So it comes out like this:  [When the tallis is worn over the head] the atarah [embroidered strip) on the tallis is Keter, the Crown, the Source of the White Light, which flows into Chochmah-Binah [Wisdom-Knowledge], still white and represented by the tallis cloth as it is draped over the head.] It then then enters Chesed [Lovingkindness or Grace], which is the wide purple stripe.

GERSHOM: There are two shades of purple. Why is that?

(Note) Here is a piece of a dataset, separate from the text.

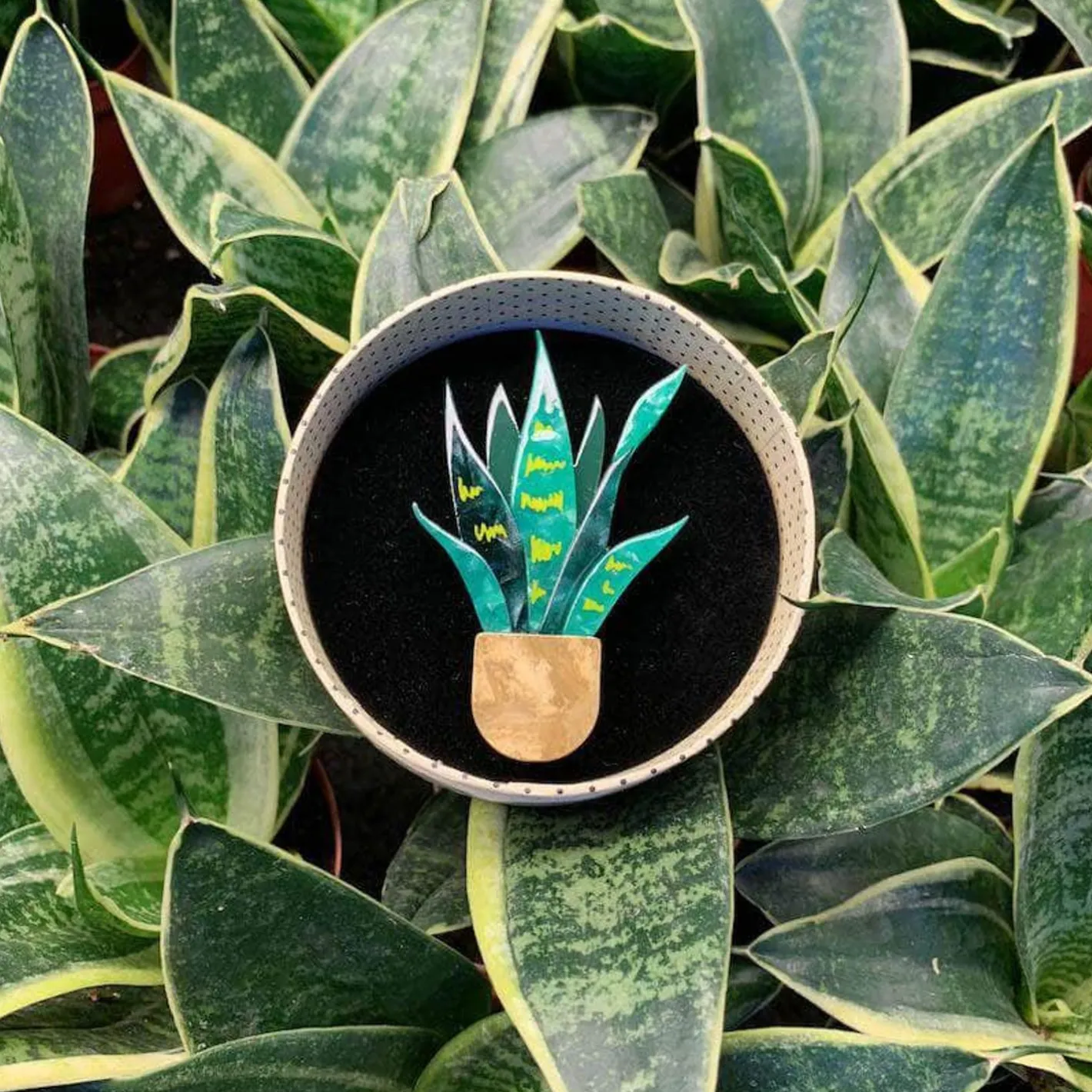 Erstwilder Potted Perfection Brooch^ Brooches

ZALMAN: Because it represents Bereshit, "In the Beginning," the First Day of Creation. So the deep purple represents ultra-violet, just coming out of darkness. The lighter lavender (on either side of the deep purple) already has some light mixed in, the first light becoming visible to the human eye. And the whole stripe is very wide, because the nature of Chesed is broad and sweeping. Which is also why it needs the black lines to contain it.  Now, the next stripe is tekelet-blue, representing Gevurah [strength/rigor]. This stripe represents the Second Day of Creation, when the "waters above" were separated from the "waters below." And since <I.GEVURAH< i>is by nature a container [because it also represents halachah, Jewish law], it doesn't need the black stripes bordering it.

Following the Creation story, the next stripe is the Third Day, Tiferet [beauty]. Vegetation was created then, represented by green. G-d also said "It is good" twice on that day, so there are two green stripes, with the white light of Keter [Crown, one of the upper levels] coming through the middle. Tiferet [as the heart center] needs a vessel, so there are also the black lines.

Next comes Netzach [victory], the Fourth Day, when the sun, moon, and stars were created, so they are represented by yellow. The Fifth Day was when egg-laying animals were made: all the fish, reptiles, birds, and insects. So I reprsented the sefirah of Hod [spendor] with orange, like egg yolks. Notice also that Hod and Netzach are very close together, almost like one stripe, and that they are mirror images of each other. You can't really separate them. In fact, people confuse which is which, and there's a lot of disagreement, some systems interpreting them exactly opposite of other systems.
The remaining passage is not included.